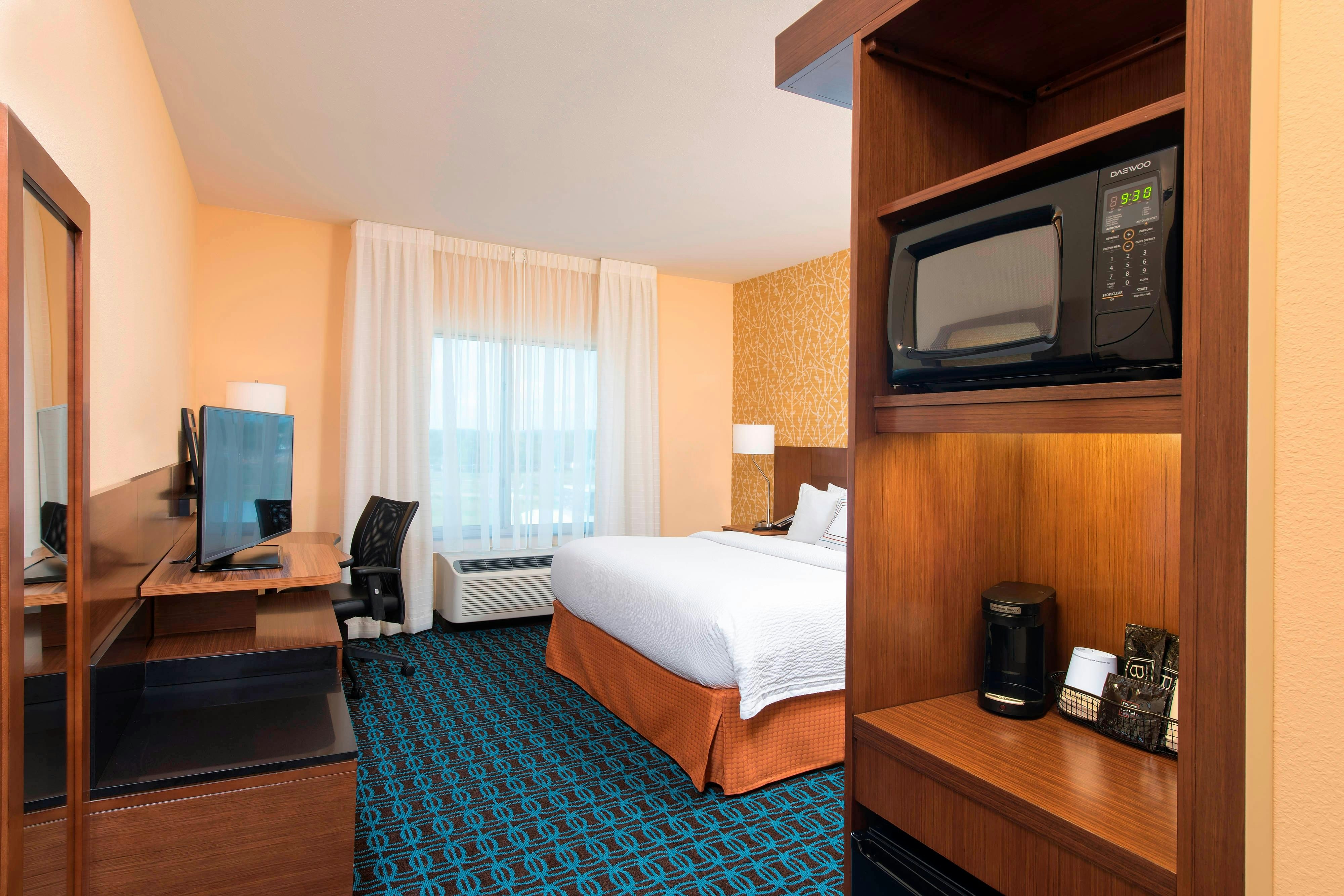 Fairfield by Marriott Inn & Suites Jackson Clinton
§ §
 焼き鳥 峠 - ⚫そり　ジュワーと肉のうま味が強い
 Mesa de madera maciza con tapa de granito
§ §
WORK TASK: Of the lines above, extract only those from the line with "焼き鳥 峠 - ⚫そり　ジュワーと肉のうま味が強い" to the line with "Mesa de madera maciza con tapa de granito", both included, exactly as written.

ANSWER BELOW:
 焼き鳥 峠 - ⚫そり　ジュワーと肉のうま味が強い
 Mesa de madera maciza con tapa de granito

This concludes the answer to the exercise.